"""
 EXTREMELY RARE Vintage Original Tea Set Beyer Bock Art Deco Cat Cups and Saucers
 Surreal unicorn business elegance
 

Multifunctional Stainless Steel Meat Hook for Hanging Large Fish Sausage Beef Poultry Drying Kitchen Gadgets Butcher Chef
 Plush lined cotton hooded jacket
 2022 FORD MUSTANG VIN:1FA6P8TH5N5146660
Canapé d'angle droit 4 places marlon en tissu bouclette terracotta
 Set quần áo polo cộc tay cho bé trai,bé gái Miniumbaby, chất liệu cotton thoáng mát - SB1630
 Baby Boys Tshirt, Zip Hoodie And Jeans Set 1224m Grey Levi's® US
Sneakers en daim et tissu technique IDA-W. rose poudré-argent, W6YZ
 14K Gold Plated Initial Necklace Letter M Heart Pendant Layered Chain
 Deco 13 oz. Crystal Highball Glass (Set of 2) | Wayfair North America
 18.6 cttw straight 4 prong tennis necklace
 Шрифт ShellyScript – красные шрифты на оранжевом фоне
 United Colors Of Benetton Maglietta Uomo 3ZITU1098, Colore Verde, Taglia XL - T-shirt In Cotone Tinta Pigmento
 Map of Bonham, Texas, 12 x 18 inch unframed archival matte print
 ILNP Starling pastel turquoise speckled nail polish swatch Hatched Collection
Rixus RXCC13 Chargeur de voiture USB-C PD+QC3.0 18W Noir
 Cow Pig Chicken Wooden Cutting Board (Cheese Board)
"""
The result should be the lines from the line with "United Colors Of" to the last line of the material, returned exactly and without any other line.

 United Colors Of Benetton Maglietta Uomo 3ZITU1098, Colore Verde, Taglia XL - T-shirt In Cotone Tinta Pigmento
 Map of Bonham, Texas, 12 x 18 inch unframed archival matte print
 ILNP Starling pastel turquoise speckled nail polish swatch Hatched Collection
Rixus RXCC13 Chargeur de voiture USB-C PD+QC3.0 18W Noir
 Cow Pig Chicken Wooden Cutting Board (Cheese Board)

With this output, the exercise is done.